Wir als Berater sind aufgrund der dadurch steigenden Abschlusswahrscheinlichkeit, in den meisten Fällen Freunde der kritischen Masse. Bedeutet, dass wir bei einer anstehenden Transaktion immer empfehlen, eine ausreichend breite Ansprache zu wählen, das können im Einzelfall zwischen 30 und 300 potentielle Käufer sein, die wir in so einem Prozess ansprechen.

Was wollen die Angesprochenen sehen? Allein über diese Frage könnten wir ohne Probleme ein ganzes Interview führen. Ich versuche mich kurz zu fassen.

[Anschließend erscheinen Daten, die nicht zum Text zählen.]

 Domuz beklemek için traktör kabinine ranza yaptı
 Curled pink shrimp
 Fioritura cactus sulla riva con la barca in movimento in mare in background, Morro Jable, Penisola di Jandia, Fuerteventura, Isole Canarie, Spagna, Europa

Angewendet auf unser Kernmarkt, IT-Software / SaaS, blicken Käuferinnen und Käufer

  • zum einen selbstverständlich auf die Qualität der technischen Lösungen.
  • Wie tief sind die verkauften Lösungen in die Geschäftsprozesse der Kundengruppe integriert?
  • Wie leicht ist es die Lösung durch eine Alternativlösung zu ersetzen? Und hier liegt der Fokus nicht auf „wie lange ist der Kunde vertraglich gebunden“ sondern wie schwer ist es, wie lange dauert es und wieviel kostet es eine Alternativlösung so zu implementieren, dass sie mindestens den gleichen Nutzen liefert wie die eigene Lösung?
  • Und ist die Fähigkeit und das Potenzial diese Marktposition in attraktive finanzielle KPIs umzumünzen entscheidend, mündend unter anderem den Fragen: Wie gut ist die Sichtbarkeit zukünftiger Geschäfte? Wie hoch ist der Anteil der wiederkehrenden Umsätze? Wie ist die EBITDA-Marge?

Wenn Verkäufer/innen auf diese Fragen sehr gute Antworten haben, werden sowohl strategische Investoren als auch Finanzinvestoren jetzt und auch in Zukunft reges Interesse an ihren Unternehmen zeigen.

Felix, vielen Dank für Deine spannenden Einblicke. Das legt die Frage nahe, ab wann ein Unternehmen bereit ist für eine Transaktion? Aber das lass uns ein andermal diskutieren. Ich danke Dir für Deine Zeit und freue mich darauf, das Gespräch bald weiterzuführen.